The song rocks the same bells as the original and has a musically similar chorus, but the duo have attempted to stay contemporary by speeding up their flows to a Bone Thugs type cadence. The bass has been changed up but still has elements which are throwbacks to their original hit. On the whole it’s actually not a bad idea, revamping their own hit for a new generation, but it still lacks the almost cornball charm of the original. The self-produced and recorded album (intentionally funny or not the liner notes read “RECORDED AT MY SPOT”) has more than a few satisfying hits of bass. “Well If Ah” compares favorably to a Warren G track, “1999 Dead and Gone” could be a Sir Jinx beat, and “All Night Long” has a whining note and slick funk groove you could mistake for DJ Quik.
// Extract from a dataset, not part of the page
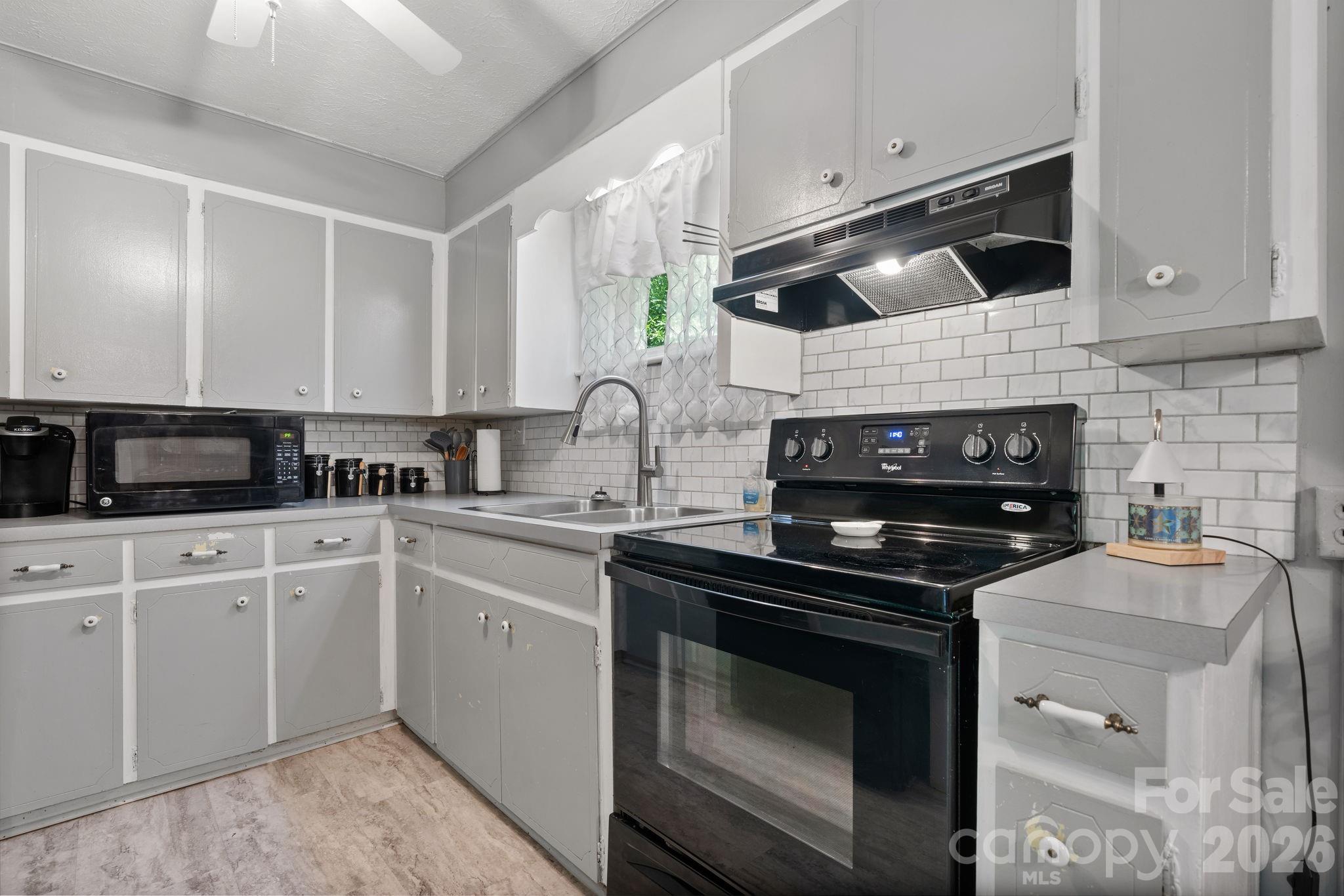 2881 Highline Avenue Property Photo 14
Even if they are just imitating the sounds of their fellow West coast contemporaries, it’s fair to say that they do so successfully.
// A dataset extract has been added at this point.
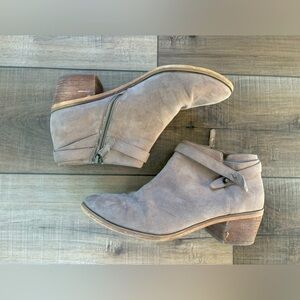 Melrose and Market Nordstrom Tan booties size 10 with slight heel, zip closure.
Rodney O & Joe Cooley certainly had reason to be hopeful that “Veterans Day” would re-establish themselves and give them a leg up on reaching a whole new audience in the 21st century, but song titles like “Best Shot” are more apt than they intended. With a label like Kritical Records backing them, R.O. and J.C. were firing that shot with a child’s BB gun instead of a Colt .45 firearm. Guest artists like De Dope and Kodiak were even more obscure than the rappers they were sharing the spotlight with. To really establish this album on a wide basis they needed at least ONE West coast artist with some name recognition, say Ice Cube or W.C., and preferably he’d appear on their first single to maximize the value. A lack of compelling lyrical material also hurt their chances for success. While the group came a long way since the simplistic flows of the original “Everlasting Bass,” nothing found on Veterans Day gives them rank as top rhyme writers or punchline kings. The topic matter is predictable and redundant – varying from weak party songs like “Turn it Up a Notch” to protecting their rank and money stacks on “We Don’t Give a Damn.”
Nature is cruel – even species that improve through evolution can still face extinction. It’s much the same in the music industry. “Veterans Day” was the last chance the duo had to survive and they did not succeed. The bass may be everlasting but for Rodney O & Joe Cooley their career has been resigned to the dustbin of history.